No wonder. With 12 small drawers, 14 secret drawers, and exquisite fan carvings, the secretary is an extraordinary example of the art of woodworking. What caught her eye, though, were the two small and delicate shelves of wood that slid smoothly out from beneath the cabinet doors. "What are these?"
"Those are the candle slides," Ron, our showroom manager and furniture expert, explained. "Before electricity, you would need a candle near to provide light for your work."
The Eldred Wheeler piece is a reproduction, but it tells a lot about the way of life in Massachusetts in the 1700s. Woodworkers spent days - even weeks - on the fan carvings and details. Hidden drawers and subtle pigeonholes were a secret delight for the owner.

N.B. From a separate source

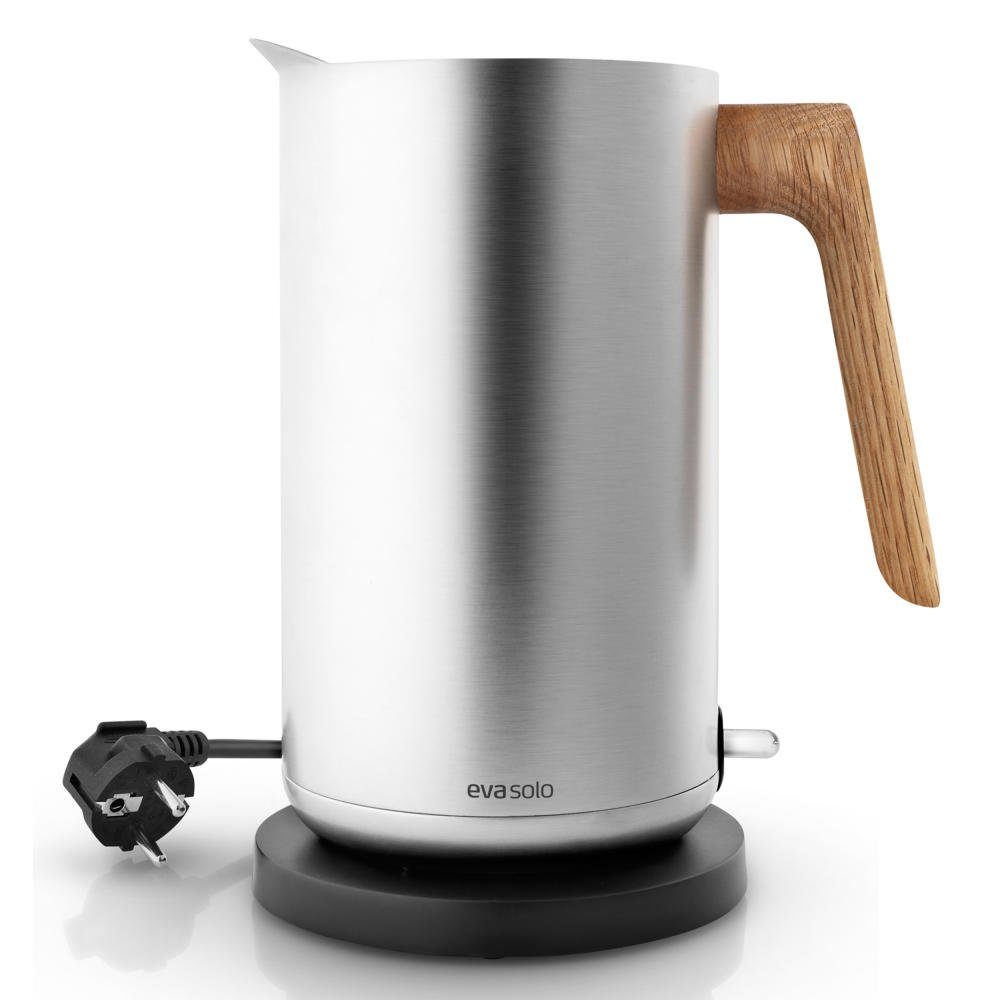 Eva Solo Wasserkocher Elektrisch Edelstahl/Kunststoff/Eiche Silber 1.5 L, 1,5 l, 2200 W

Which got me thinking. In last week's blog, I killed off Queen Anne, declaring that once-popular furniture style now out-of-date. Pieces as exquisite as the Eldred Wheeler are rare - and so expensive that few but the most ardent collector can afford them. So what's next for the rest of us?
We are at a crossroads. We're taller and fatter. We aren't farmers and small-town laborers like they were in the 1700s. We roam the planet like hunter-gatherers now. We shed belongings - and buy more - with every move. We like quality but we won't pay for it.
What does that mean for furniture? Are we happy to live on chunks of foam wrapped in polyester? Has furniture become the new Dixie cup: disposable? Are we still willing to pay for quality, detail, character and art? What do you think?